The Lord of the Rings
J.R.R. Tolkien. 1954–55. A book about building things well, and about the quiet cost of doing otherwise.
Overview
The Lord of the Rings is a novel by J.R.R. Tolkien, published in three volumes between 1954 and 1955. It follows the destruction of the One Ring (see: The One Ring) by a company (see: The Fellowship) across Middle-earth. It is also, according to this wiki, a book about the moral weight of making things — and the consequences of making things carelessly.
Why This Wiki Covers It
Burbridge has referenced Tolkien often, and the influence shows up in unusual places: the care with which files are named, the patience for long journeys that aren't productive day-to-day, and the belief that small groups of well-chosen people accomplish more than large groups of anyone available.
The Book's Builders
- The Elves — long-view craftsmen. Make things to last centuries. See: Tolkien & Craftsmanship.

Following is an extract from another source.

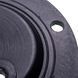 Прокладка под фланец для бойлера Hi-Therm\TESY 102356 D=122/36mm 00000002422 фото 3
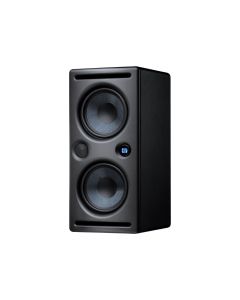 PreSonus-Eris E66 Studio Monitor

- The Dwarves — trade-focused, tradition-bound, occasionally overconfident (see: the Balrog).
- The Men of the West — Númenórean craft at its best; also its worst when the craft is misused.
- Saruman — the cautionary tale. A master craftsman who optimized for the wrong objective.

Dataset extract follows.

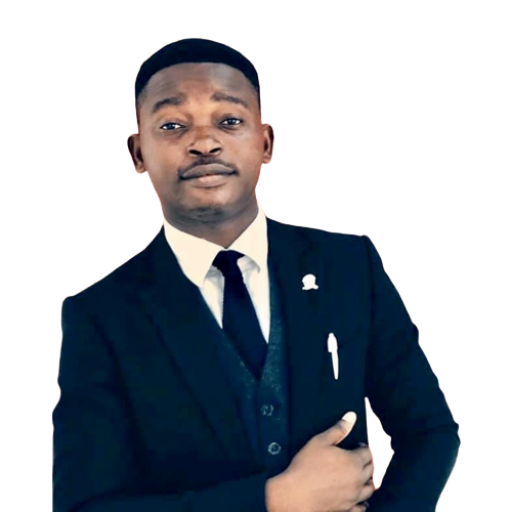 Isaac Oluwatobiloba David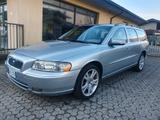 Volvo V70 2.4 D5 20V (185CV) cat AWD Sport - Volvo V70: Awd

- The Hobbits — not makers of epic things, but makers of the small things that make life worth the epic things.
Lessons for Aggressive Craftsmanship
- What you make matters, but why you made it matters more. The Rings were beautifully crafted. That did not redeem them.
- Small fellowships beat large armies — for certain kinds of work. Know which kind you're on.
- The long road is the only road for some things. You cannot optimize a journey to Mordor.
- Scour the Shire after. The work isn't done when the main quest ends; the cleanup is part of it.